Three open-source projects. Same problem: AI agents forget everything between sessions. Three completely different answers to what "remembering" even means.
SimpleMem says compress it. MemPalace says store everything. I built Engram and said forget most of it.
After spending a week with all three, I'm convinced they're each solving a different problem while pretending to solve the same one. The AI memory space doesn't have a winner. It has three religions.
The Compressor: SimpleMem
SimpleMem comes out of UC Santa Cruz with an actual arXiv paper and reproducible benchmarks. The thesis: take raw conversation streams, break them into atomic memory units (self-contained facts with resolved coreferences and absolute timestamps), index with semantic embeddings, and retrieve by meaning.
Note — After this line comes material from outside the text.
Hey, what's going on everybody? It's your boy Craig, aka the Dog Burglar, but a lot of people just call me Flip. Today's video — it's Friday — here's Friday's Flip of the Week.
A messy debugging conversation becomes two clean atoms: "Migration M-17 failed due to index ordering" and "ORM generates CREATE INDEX before CREATE TABLE in version 4.2." Independent. Timestamped. Searchable. The conversation itself gets tossed. Only the distilled facts survive.
The efficiency numbers are real. 43% F1 on LoCoMo-10, beating Mem0 by 26%. 531 tokens per query versus 16,000+ for naive context stuffing. They also just shipped Omni-SimpleMem for multimodal memory (text, image, audio, video), hitting new SOTA on both LoCoMo (0.613 F1, +47%) and Mem-Gallery (0.810 F1, +51%). The academic rigor is legit.
But here's what nags at me. When you decompose conversations into atomic facts, you lose the connections between them. "The migration failed" and "we reordered the steps" become two separate atoms. The causal link (we reordered BECAUSE it failed) is implied by timestamps but never explicitly modeled. There's no edge in a graph saying "this caused that."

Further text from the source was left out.